California Gov. Gavin Newsom (L) and State Superintendent of Public Education Tony Thurmond.

Corrected, June 14

After three months of meetings, the California charter school task force has released its much-anticipated report, raising questions about the future of legislation that could reshape the state’s growing charter school landscape.

The report, sent to Gov. Gavin Newsom on Friday, outlined four unanimously supported recommendations revising the authorizing process for new charter schools, which are publicly funded but independently operated. It also included seven other “discussed proposals” that were approved by a majority but not with full consensus.

The four unanimous recommendations are:

● Extending the timeline for approving or denying a new charter school petition from 60 to 90 days.

● Creating a statewide entity to develop standards for charter school oversight and train charter school authorizers.

● Maintaining funding for district schools one year after a student leaves to attend a charter school.

● Allowing greater discretion for districts to consider new charter school petitions, including academic outcomes, local school enrollment and saturation.

These changes reflect wider sentiments across the state that the existing charter approval standards aren’t consistent for authorizers. Under current law, districts approve new charter school petitions but charter schools that have been denied are able to appeal to the county and eventually the state Board of Education — meaning thousands of governing bodies serve as authorizers. The unanimous recommendations would provide one authority to steer them.

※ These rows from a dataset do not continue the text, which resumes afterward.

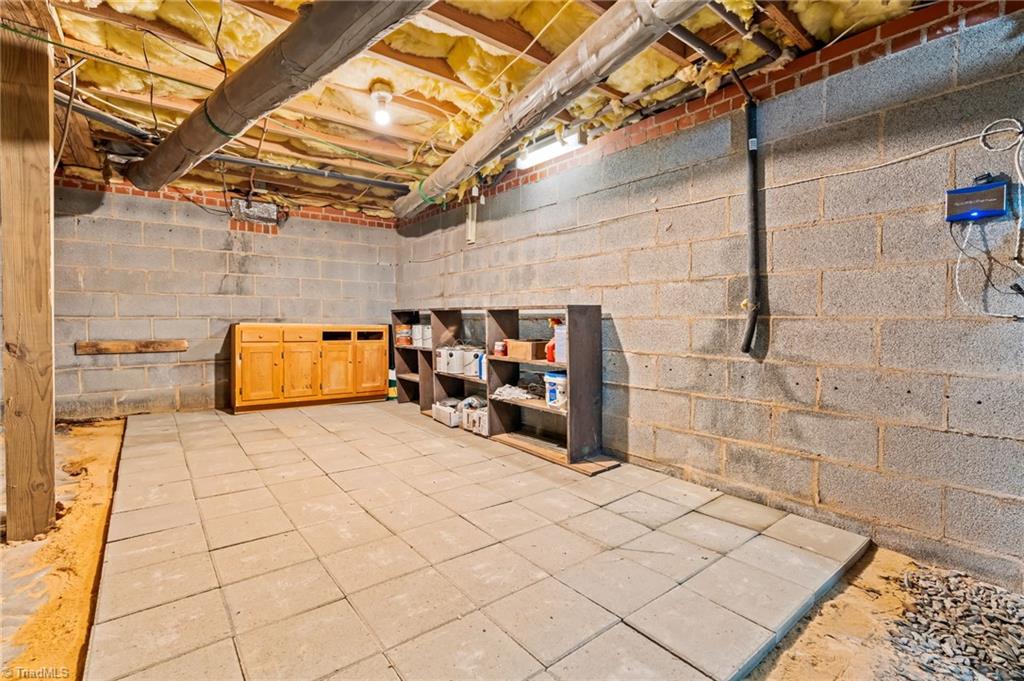 1715 Harper Road Asheboro, NC 27205 - Photo 45 of 48 Crawlspace workshop area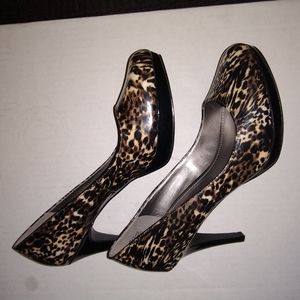 Circa Joan & David size 10 leopard print platform heels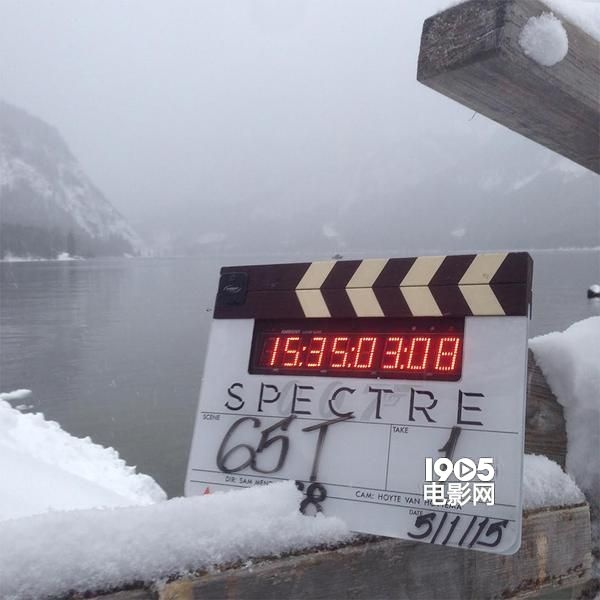 《007：大破魔鬼党》片场照 白雪皑皑难觅邦德
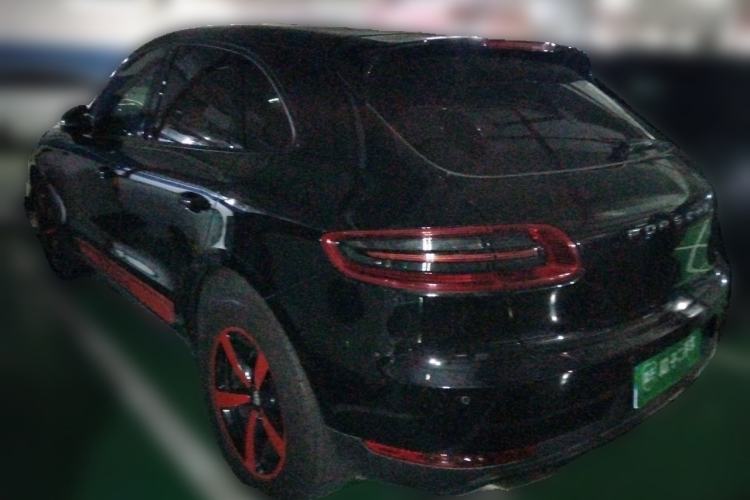Used Porsche Macan 2017 Macan 2.0T Rear Left 45 Deg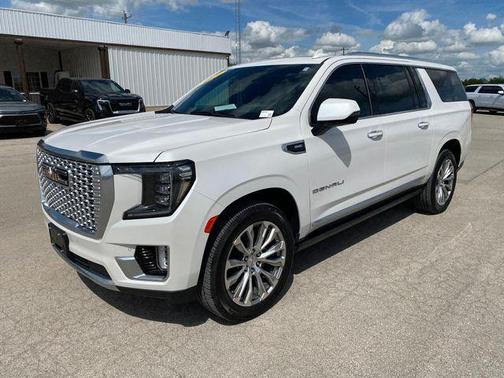 White Frost Tri-Coat 2022 GMC Yukon XL Denali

But at the same time as the California Charter School Policy Task Force was convening this spring, state legislators were advocating for their own regulations on the charter approval process. Assembly Bill 1505, which the state Assembly narrowly passed in May and will now go to the state Senate, imposes tougher restrictions on new charter petitions — and gives local school districts exclusive rights to approve or deny them while taking away the county and state appeals option.

Although Newsom was elected in November with deep support from charter school critics, and signed a law this spring requiring greater transparency from the schools, he has been largely silent on the legislative battle to restrict them.

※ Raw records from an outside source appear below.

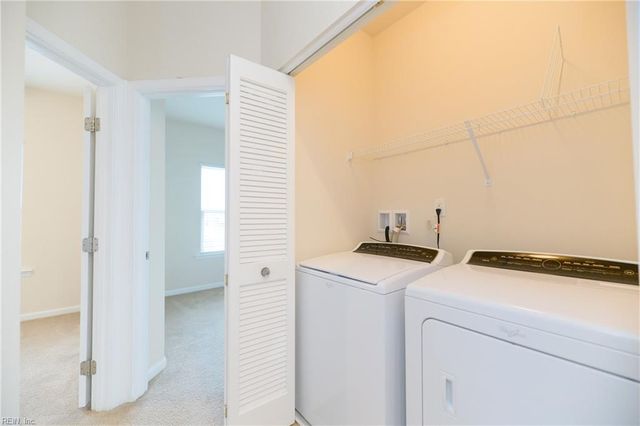 4004 Luminary DR, Williamsburg, VA 23188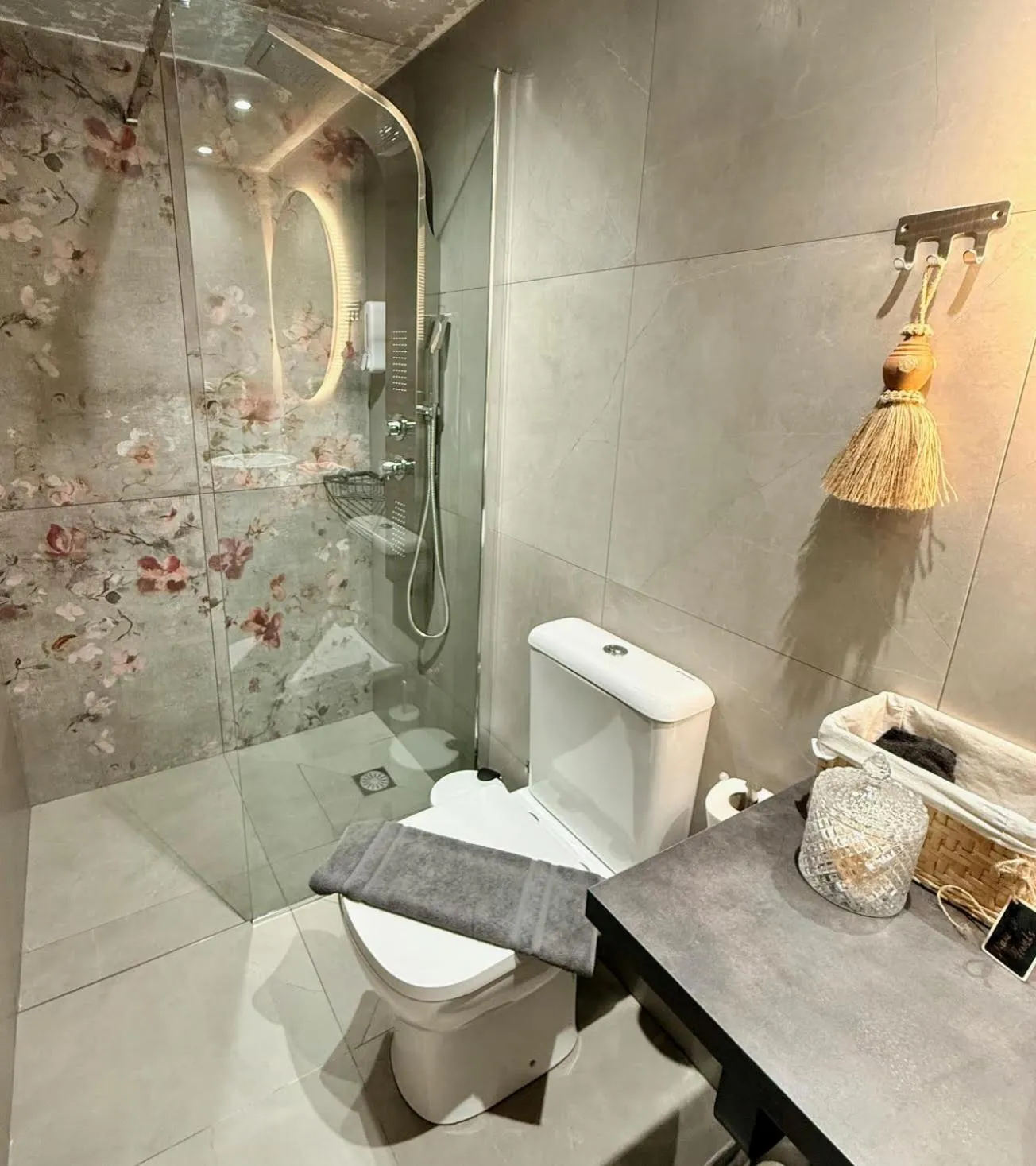 Shower in Compass Lofts Athens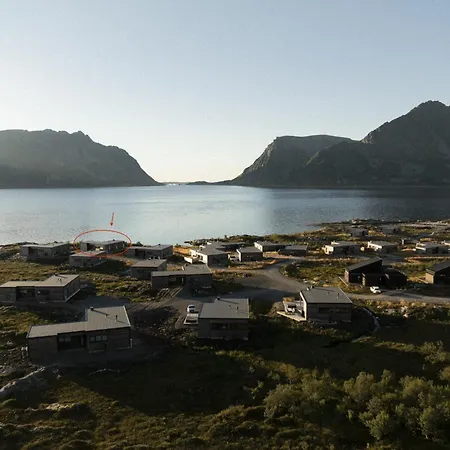 Lyngvaer Arctic Pearl - Jacuzzi & Sauna - No 17 Holiday home *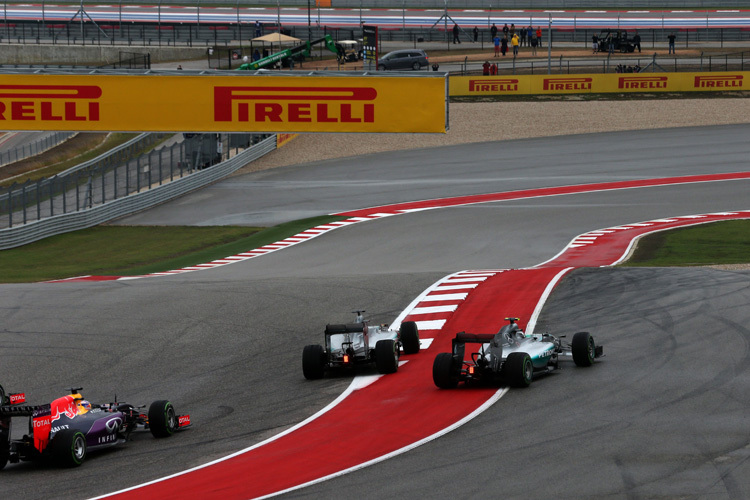 Kurz nach der Berührung: Hamilton geht in Führung, Rosberg trudelt rechts neben der Strecke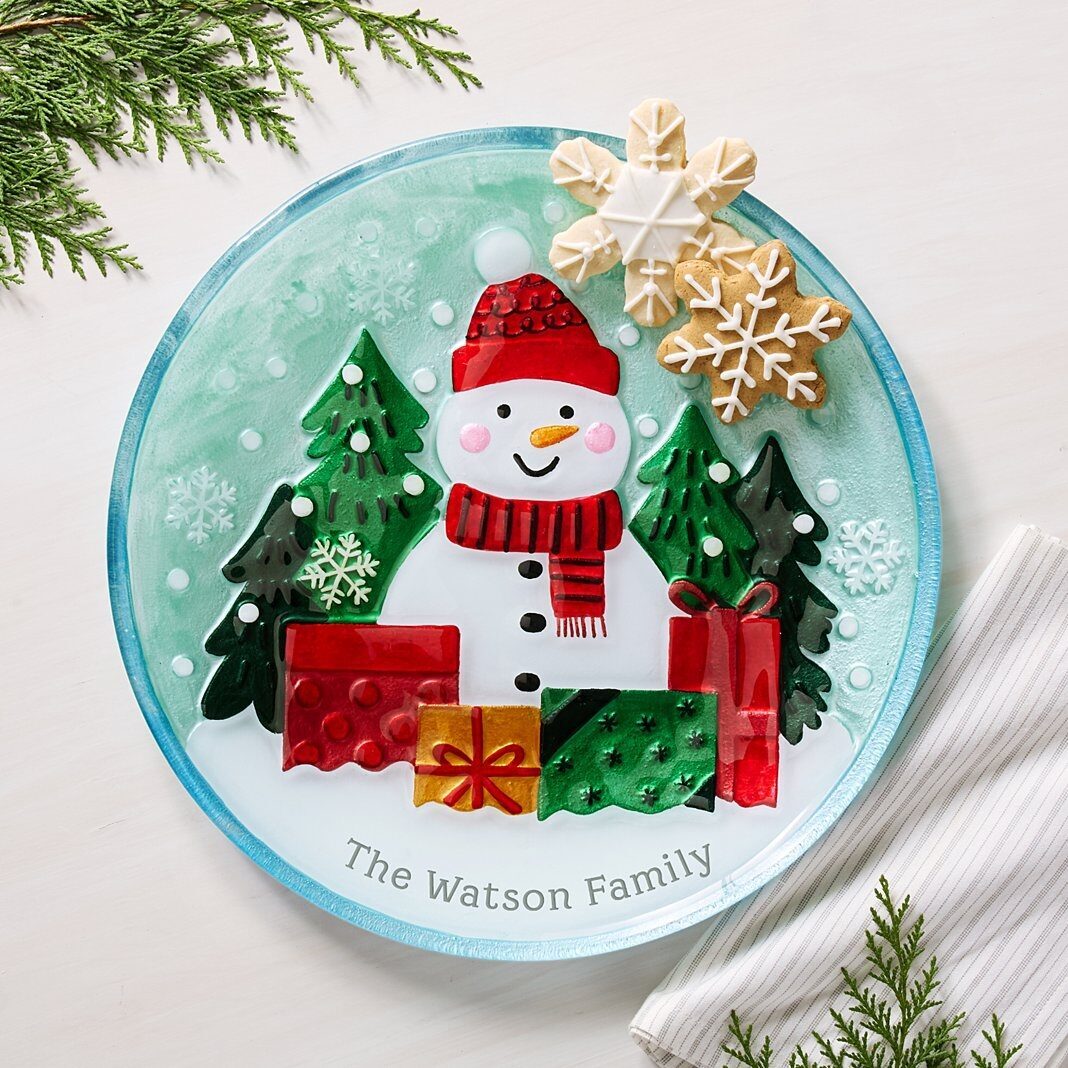 Plato de vidrio con muñeco de nieve escarchado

But with the report’s release, the pressure may be building for the new governor — already recognized as significantly less charter-friendly than his predecessor, Gov. Jerry Brown — to make a defining move, notes Julie Marsh, professor of education policy at the University of Southern California.

“There’s been the cover to say, ‘Well let’s not act yet because we want to wait and see what this task force says,’” Marsh said. “Once that is out, you can no longer stall in acting on these issues.”

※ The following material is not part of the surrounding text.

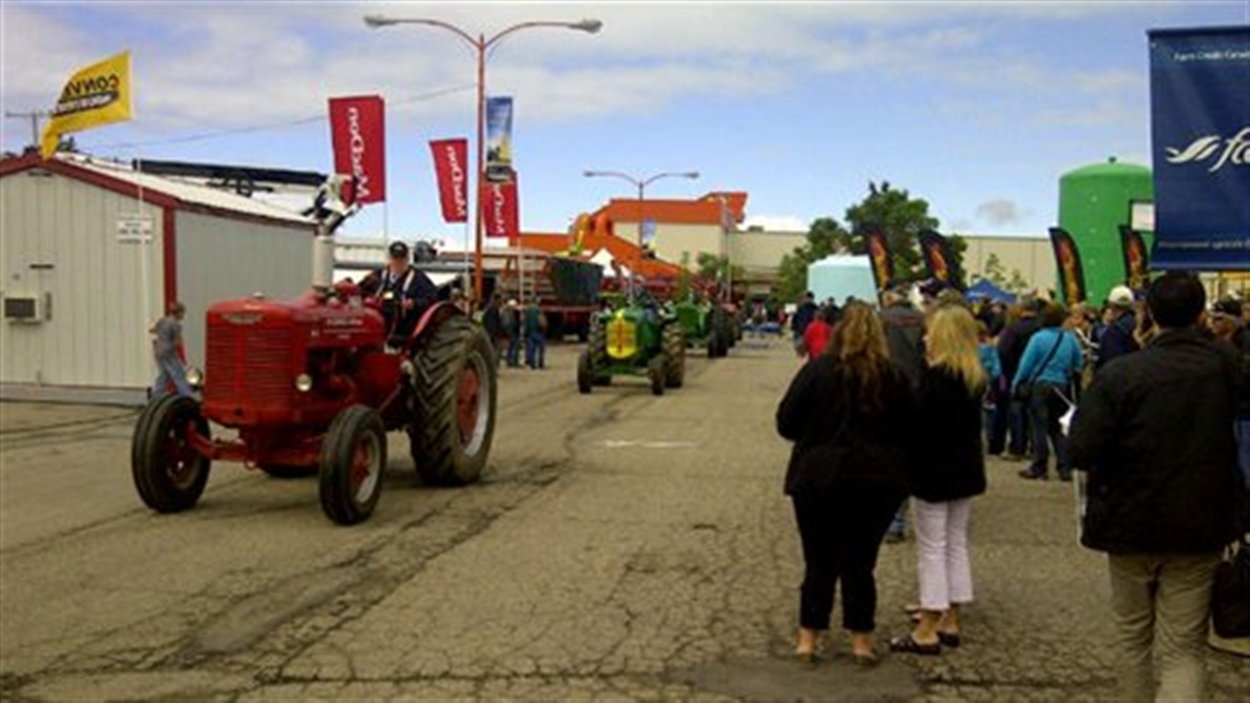 Le 35e Canada Farm Progress Show bat son plein à Regina RadioCanada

The charter task force was one of several study groups the governor assembled on various education issues. The state superintendent for public instruction, Tony Thurmond, led the 11-member group that comprised a mix of representatives from charter schools, teacher and other school employee unions, and local districts. To many, the group represents a broader effort to better understand where support for charter schools in California lies.

Just what the governor, and state senators, will draw from the report, however, is somewhat less clear. The four unanimous recommendations don’t support the efforts of AB 1505. While the bill would give sole authorizing power for charter petitions to local districts and allow other considerations, such as saturation, to be taken into account, the unanimous recommendations don’t propose any changes to the current charter appeals process.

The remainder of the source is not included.